In this work, Vanderlei evaluated the viability of budget-constrained cloud environments for tightly-coupled MPI applications, exploring both spot and traditional low-budget infrastructures from real public cloud platforms. Two different fault tolerance strategies tailored for unreliable spot cloud environments have been proposed: system-level rollback restart with Berkeley Labs Checkpoint/Restart (BLCR) and in-memory rollback restart with User-Level Failure Mitigation (ULFM). A provider-agnostic empirical method for testing and predicting MPI workloads execution times and cloud infrastructure costs was also proposed.

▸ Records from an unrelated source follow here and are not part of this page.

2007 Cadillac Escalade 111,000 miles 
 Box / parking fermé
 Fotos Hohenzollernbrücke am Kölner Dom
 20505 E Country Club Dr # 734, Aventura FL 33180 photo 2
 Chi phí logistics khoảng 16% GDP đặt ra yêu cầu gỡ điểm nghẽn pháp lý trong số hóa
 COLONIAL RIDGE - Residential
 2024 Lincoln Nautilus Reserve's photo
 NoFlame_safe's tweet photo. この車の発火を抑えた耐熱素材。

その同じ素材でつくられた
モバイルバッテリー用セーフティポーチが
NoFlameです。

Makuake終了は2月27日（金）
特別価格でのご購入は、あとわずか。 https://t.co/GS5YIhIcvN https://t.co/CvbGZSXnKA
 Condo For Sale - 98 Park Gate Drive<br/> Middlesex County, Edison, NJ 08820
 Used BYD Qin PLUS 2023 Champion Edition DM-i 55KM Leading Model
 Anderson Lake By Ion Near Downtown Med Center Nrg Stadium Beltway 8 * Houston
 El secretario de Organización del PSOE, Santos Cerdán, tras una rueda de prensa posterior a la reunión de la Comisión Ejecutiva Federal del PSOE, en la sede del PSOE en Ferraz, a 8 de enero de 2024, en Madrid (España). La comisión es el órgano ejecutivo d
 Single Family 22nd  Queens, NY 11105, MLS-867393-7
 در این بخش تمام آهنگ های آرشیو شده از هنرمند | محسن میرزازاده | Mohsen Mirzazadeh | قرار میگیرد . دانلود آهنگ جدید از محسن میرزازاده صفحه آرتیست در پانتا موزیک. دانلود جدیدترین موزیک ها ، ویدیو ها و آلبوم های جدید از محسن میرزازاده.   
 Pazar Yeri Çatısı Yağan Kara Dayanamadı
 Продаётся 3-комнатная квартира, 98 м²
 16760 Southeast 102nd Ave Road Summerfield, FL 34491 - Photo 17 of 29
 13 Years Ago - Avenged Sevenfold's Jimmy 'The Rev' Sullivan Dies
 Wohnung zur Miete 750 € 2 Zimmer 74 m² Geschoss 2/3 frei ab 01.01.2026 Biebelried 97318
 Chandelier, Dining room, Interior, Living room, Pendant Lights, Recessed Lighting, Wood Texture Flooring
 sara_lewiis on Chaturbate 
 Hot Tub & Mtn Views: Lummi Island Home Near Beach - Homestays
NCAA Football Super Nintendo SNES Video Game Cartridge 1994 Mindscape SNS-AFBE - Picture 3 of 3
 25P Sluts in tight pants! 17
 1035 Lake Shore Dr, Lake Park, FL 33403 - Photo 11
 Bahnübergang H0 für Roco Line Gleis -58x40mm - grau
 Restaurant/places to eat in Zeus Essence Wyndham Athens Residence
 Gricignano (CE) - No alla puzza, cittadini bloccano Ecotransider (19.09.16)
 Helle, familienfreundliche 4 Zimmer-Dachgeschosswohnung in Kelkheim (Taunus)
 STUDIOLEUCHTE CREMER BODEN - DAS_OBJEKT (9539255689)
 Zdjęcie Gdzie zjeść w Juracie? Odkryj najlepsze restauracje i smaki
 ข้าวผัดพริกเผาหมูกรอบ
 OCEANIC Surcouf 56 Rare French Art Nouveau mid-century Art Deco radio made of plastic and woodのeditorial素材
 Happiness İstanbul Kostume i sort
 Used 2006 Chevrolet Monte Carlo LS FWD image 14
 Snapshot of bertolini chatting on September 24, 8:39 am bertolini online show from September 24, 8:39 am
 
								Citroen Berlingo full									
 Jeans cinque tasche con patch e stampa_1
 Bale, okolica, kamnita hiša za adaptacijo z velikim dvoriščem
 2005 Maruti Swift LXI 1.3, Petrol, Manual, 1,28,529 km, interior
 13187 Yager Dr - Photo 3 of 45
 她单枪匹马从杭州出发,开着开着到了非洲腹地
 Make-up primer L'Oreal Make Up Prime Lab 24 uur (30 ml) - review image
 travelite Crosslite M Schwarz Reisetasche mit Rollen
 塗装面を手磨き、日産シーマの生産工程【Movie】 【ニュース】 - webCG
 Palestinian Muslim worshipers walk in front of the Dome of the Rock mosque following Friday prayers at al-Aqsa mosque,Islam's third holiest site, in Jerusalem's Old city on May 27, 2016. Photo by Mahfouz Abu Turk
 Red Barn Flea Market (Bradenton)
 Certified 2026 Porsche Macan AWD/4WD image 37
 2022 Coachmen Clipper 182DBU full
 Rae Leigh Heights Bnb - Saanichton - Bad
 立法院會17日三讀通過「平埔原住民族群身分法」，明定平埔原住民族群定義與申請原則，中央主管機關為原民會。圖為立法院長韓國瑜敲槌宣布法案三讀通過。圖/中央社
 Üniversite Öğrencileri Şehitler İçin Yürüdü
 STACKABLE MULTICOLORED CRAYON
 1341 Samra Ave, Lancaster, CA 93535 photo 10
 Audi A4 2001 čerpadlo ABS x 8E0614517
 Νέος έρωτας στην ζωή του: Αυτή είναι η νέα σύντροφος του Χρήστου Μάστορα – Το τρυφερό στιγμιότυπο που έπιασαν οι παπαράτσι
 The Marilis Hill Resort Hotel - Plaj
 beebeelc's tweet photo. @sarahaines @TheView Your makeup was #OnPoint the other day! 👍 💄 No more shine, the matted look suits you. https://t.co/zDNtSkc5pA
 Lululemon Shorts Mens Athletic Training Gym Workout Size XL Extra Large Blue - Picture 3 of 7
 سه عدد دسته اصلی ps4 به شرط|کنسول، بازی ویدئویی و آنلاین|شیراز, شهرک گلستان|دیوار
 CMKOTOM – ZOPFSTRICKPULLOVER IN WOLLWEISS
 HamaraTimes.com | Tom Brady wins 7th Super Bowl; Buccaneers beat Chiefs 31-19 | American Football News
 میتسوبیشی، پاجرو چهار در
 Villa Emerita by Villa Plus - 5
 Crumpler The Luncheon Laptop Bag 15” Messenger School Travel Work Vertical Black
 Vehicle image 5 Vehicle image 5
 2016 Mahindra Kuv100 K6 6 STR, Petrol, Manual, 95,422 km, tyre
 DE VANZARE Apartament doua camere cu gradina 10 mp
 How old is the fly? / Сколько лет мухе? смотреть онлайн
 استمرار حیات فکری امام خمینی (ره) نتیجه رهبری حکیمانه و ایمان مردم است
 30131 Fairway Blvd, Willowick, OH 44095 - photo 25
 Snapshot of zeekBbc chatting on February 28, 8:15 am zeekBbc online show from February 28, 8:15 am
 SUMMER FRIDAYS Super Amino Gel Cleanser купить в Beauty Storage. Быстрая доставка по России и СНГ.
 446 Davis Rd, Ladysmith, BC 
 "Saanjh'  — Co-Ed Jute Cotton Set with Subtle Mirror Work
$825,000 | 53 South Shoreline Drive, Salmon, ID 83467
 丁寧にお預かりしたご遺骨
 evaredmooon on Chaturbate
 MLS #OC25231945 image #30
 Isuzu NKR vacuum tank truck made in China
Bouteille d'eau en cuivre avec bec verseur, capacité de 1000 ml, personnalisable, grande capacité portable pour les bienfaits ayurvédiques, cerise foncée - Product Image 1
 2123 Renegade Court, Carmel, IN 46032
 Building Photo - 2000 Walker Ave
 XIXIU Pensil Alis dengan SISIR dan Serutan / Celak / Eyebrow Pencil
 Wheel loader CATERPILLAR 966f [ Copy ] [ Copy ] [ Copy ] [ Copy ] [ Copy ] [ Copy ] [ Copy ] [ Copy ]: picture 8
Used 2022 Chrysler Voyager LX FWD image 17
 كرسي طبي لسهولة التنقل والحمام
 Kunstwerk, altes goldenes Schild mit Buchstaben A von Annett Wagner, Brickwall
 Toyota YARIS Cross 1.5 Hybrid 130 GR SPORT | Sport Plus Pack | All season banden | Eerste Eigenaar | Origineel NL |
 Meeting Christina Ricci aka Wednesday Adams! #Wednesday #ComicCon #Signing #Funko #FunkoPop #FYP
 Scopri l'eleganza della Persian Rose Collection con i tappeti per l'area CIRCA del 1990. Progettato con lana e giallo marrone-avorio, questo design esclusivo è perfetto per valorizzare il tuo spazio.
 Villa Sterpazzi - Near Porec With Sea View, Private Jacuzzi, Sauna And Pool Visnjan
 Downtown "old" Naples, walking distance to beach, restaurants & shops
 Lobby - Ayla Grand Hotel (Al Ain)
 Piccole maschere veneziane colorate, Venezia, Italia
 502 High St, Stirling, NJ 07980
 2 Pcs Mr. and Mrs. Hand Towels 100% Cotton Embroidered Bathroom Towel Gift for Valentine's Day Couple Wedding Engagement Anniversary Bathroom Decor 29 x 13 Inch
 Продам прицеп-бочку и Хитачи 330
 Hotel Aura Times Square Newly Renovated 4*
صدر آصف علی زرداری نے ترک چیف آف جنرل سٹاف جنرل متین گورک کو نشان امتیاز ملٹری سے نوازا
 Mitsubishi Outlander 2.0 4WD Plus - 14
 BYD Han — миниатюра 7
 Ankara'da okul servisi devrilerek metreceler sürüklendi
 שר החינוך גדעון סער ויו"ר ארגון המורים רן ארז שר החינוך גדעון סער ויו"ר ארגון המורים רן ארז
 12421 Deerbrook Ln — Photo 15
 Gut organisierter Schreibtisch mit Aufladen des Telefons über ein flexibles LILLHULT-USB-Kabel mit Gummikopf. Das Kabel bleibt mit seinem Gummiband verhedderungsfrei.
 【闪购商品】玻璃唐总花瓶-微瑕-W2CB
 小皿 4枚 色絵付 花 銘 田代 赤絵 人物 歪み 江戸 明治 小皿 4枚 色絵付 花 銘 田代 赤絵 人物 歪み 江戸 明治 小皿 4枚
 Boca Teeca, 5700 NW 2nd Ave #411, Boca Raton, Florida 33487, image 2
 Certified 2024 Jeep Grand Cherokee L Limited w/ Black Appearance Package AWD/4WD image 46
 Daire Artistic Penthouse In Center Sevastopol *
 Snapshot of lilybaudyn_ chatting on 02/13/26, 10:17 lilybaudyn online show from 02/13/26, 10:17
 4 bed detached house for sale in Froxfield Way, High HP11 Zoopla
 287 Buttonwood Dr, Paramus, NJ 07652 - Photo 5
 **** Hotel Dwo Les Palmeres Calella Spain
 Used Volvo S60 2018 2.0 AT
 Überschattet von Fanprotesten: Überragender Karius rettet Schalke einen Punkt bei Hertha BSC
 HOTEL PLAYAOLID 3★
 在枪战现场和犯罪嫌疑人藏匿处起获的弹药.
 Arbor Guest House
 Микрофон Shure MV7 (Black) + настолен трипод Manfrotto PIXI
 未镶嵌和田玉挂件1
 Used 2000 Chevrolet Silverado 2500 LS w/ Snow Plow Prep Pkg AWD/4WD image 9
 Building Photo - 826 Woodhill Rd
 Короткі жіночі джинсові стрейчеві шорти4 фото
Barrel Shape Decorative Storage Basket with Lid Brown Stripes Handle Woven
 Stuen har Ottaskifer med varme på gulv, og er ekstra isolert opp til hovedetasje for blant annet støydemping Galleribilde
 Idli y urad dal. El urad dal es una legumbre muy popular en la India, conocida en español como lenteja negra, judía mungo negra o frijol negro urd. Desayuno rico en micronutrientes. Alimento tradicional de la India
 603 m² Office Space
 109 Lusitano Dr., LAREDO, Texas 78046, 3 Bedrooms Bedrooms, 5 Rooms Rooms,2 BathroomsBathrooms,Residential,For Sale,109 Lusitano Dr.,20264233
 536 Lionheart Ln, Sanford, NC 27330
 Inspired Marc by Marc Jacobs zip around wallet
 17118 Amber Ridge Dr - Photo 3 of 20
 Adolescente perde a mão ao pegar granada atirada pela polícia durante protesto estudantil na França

The results showed that: (i) adequate cluster sizing plays an important role in the overall job execution performance and cost-effectiveness, regardless of the type of selected instances; (ii) fault tolerance strategies based on BLCR may have worse performance than ULFM, but still be cost-effective considering software migration costs; (iii) the use of spot infrastructure does not guarantee costs savings depending on the chosen machine flavors and discounts, as experiments with persistent low-budget options attained better cost-effectiveness in some conditions.